The average AUC of the roc curve on the validation set is 0.95. This performance metric means nothing in the context of this blog post except that it is much better than random, and the model probably learned something. Is this result good or bad depends on other factors such as product definition, human-level performance on the task, and other benchmarks on the same or related tasks. I can improve performance by using more data, labels, augmentations, and signal preprocessing, such as cleaning high-frequency noise and low-frequency trends.

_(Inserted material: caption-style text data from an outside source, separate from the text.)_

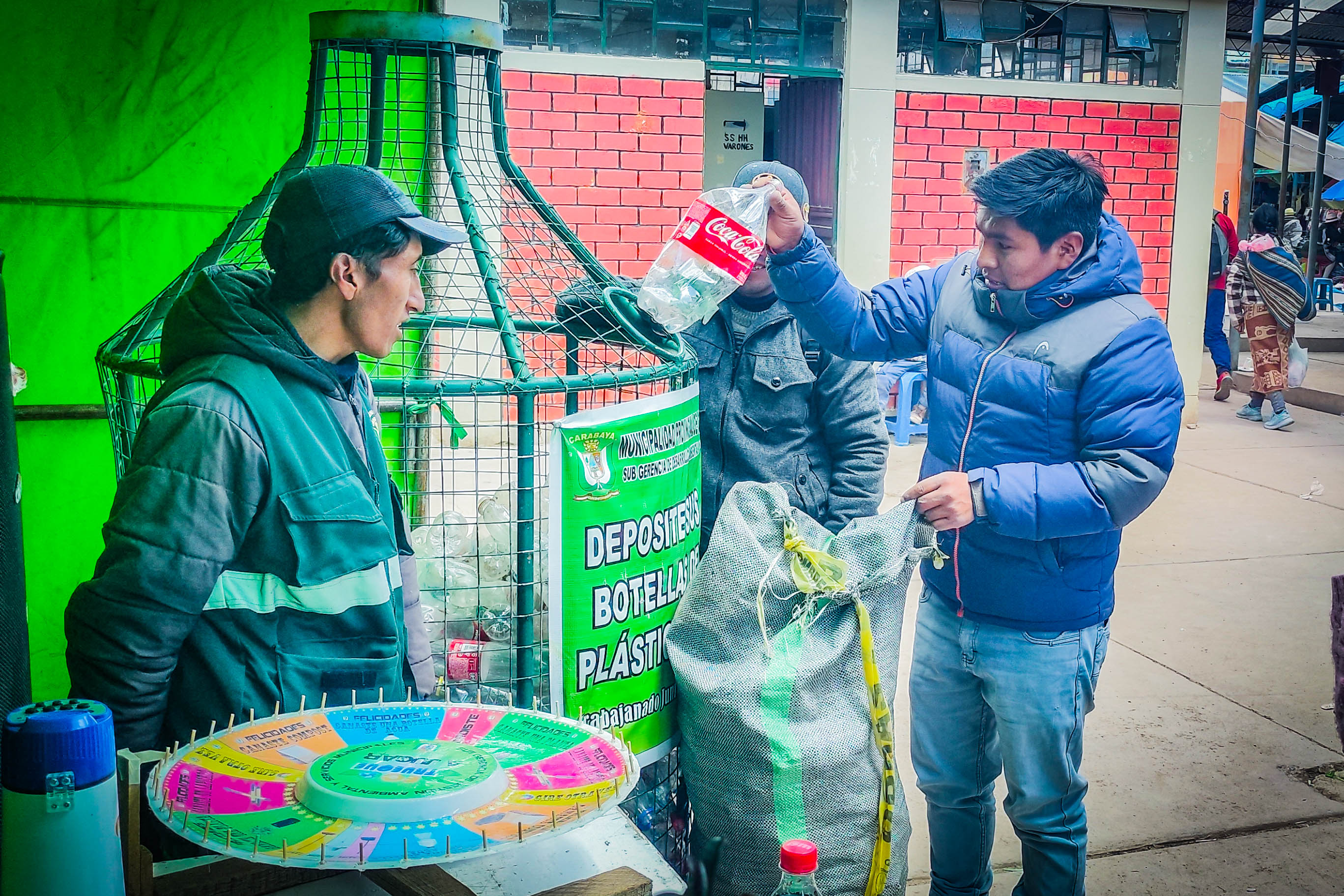Ciudadanos macusaneños participan activamente del Eco Trueque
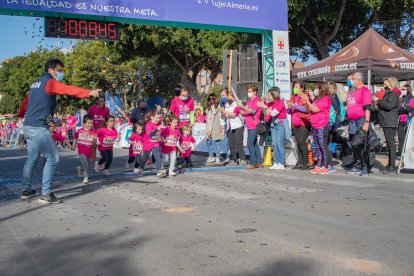 Los niños y las niñas que han corrido en la carrera infantil.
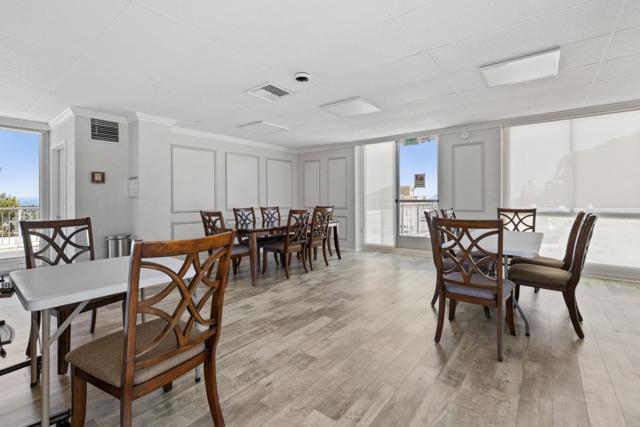 300 Davey Glen Road, Belmont CA: https://media.crmls.org/mediaz/177bc892-d833-42d8-80a9-b8372a4d9879.jpg
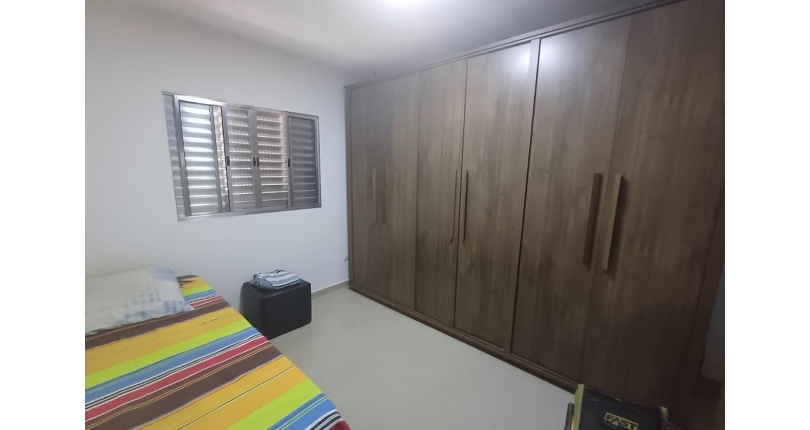 Casa assobradada à venda no Bairro do Parque Maria Domitila na Rua Eusebio da Silva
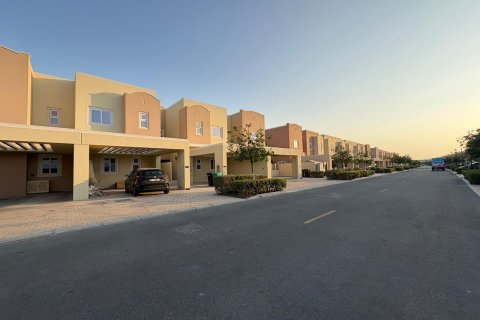 Maison de ville à Dubai, 3 chambres, 181 m², № 101268 - photo 2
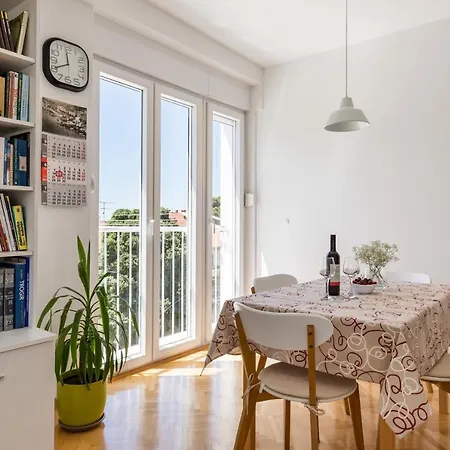 Apartment Sunny City Getaway Close To All + View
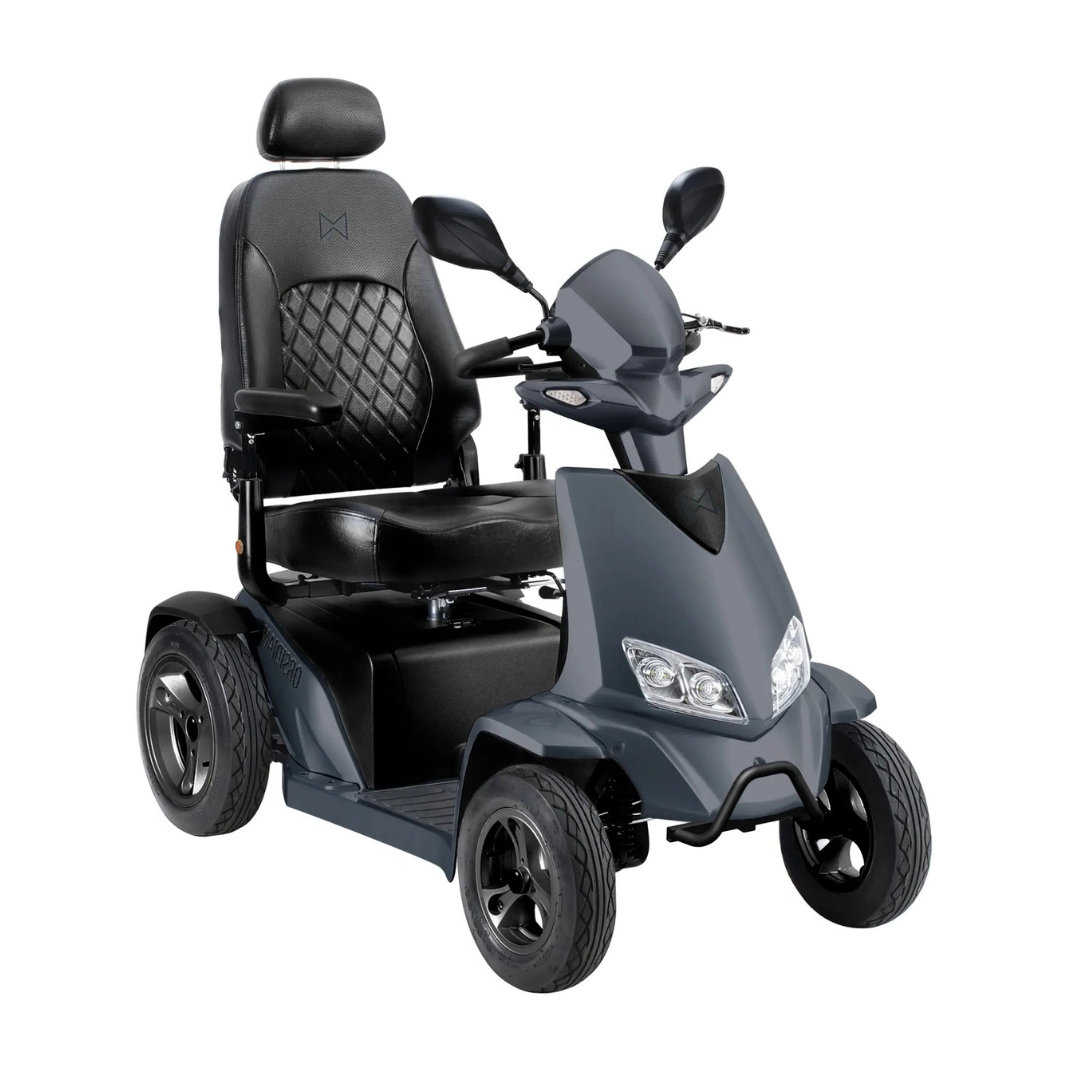 Monarch Obsidian long-range heavy-duty mobility scooter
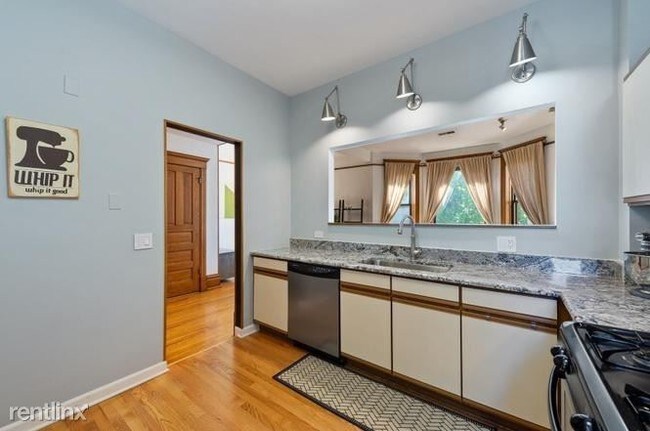 Foto del edificio - 4011 N Kenmore Ave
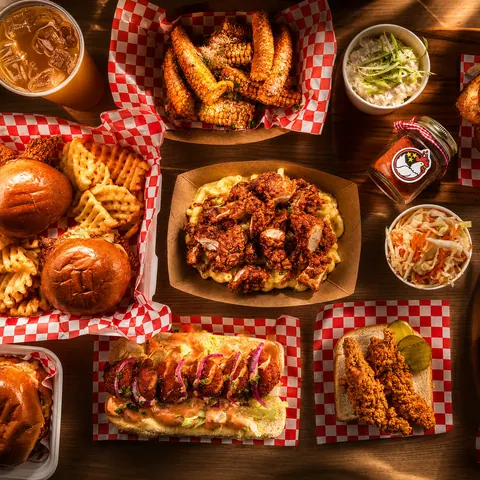 Chen Chen’s Nashville Hot Chicken – Toronto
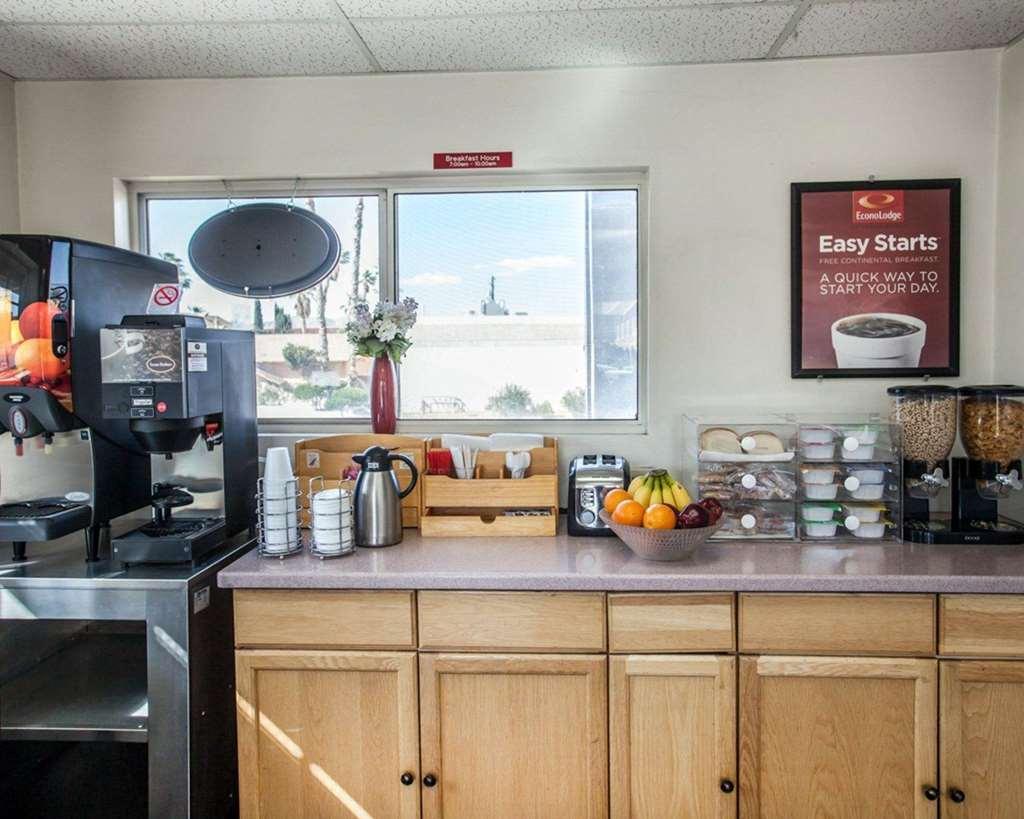Econo Lodge On Historic Route 66 Barstow Restaurant foto
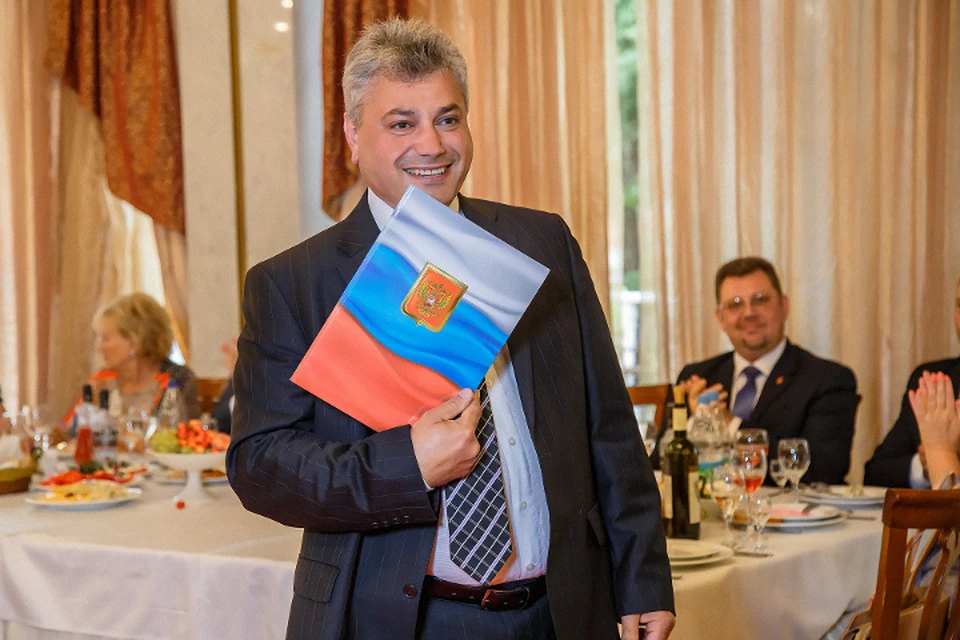 Владимир Бозов: "У нас работает коллектив - настоящие специалисты. А с таким тылом многие сложности преодолимы". Фото: зверохозяйство «Мермерины»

But, the goal of this experiment is not to achieve SOTA using ViT but to see if I can use ViT for interpretability.

Interpetability

Finally, the main course of this post! Did the model learn something meaningful? is it focusing on the same parts of the ECG as physicians do to detect LVH??? Remember, physicians look for high QRS complexes and inverted T-waves. I added to the ViT implementation a function get_last_selfattention. This function does a complete forward pass on all the layers except for the last block, on which it just calls get_attention_scores to return the attention scores from the MultiHeadAttention layer.

record = wfdb.rdrecord(file_path)
attn = vit.get_last_selfattention(tf.expand_dims(record.p_signal, 0))
print(attn.shape)
> (1, 6, 251, 251)

The attn scores is shaped (batch_size, num_heads, num_patches, num_patches). The fully connected classification head at the end of the model is feeded only by the cls_token embedding, so I’m interested in the attention scores of all the other 250 patches when the last attention layer calculated the cls_token output. The cls_token embedding is the first from the 251 (that’s just how I did it in the VitEmbeddings layer), so for each of the 6 heads, I take row 0 and skip column 0 because I’m not interested in the score of the cls_token on itself:

attn = attn[0, :, 0, 1:]
print(attn.shape)
> (6, 250)

Now the attn contains the score of all 250 patches for each head. To display these scores on an ECG, I need to resize the 250 back to 5000. Each patch represents 20 samples from the ECG, so I need to repeat each score 20 times.

attn = tf.transpose(attn, (1, 0))
attn = tf.expand_dims(tf.expand_dims(attn, 0), 0)
attn = tf.image.resize(attn, (1, 5000))[0,0]
print(attn.shape)
> (5000, 6)

That’s it! I can now plot an ECG lead and display the scores on top of it. In pyplot, I use cmap=Reds so that it colors high scores in darker red, and here are plots of scores from different attention heads:

The first head learned to pay attention to the T-Wave, and the second to the QRS complex! The rest of the heads were a mix of QRS and T, so I didn’t include them. It’s also interesting to see the second head paying the most attention to the two last heartbeats. There is redundancy in these signals as the heartbeats don’t vary much, so maybe the model learns to focus only on some of them.

Thats it! Not only can I use the model for ECG classification, but I can also explain what parts of the ECG the model pays attention to.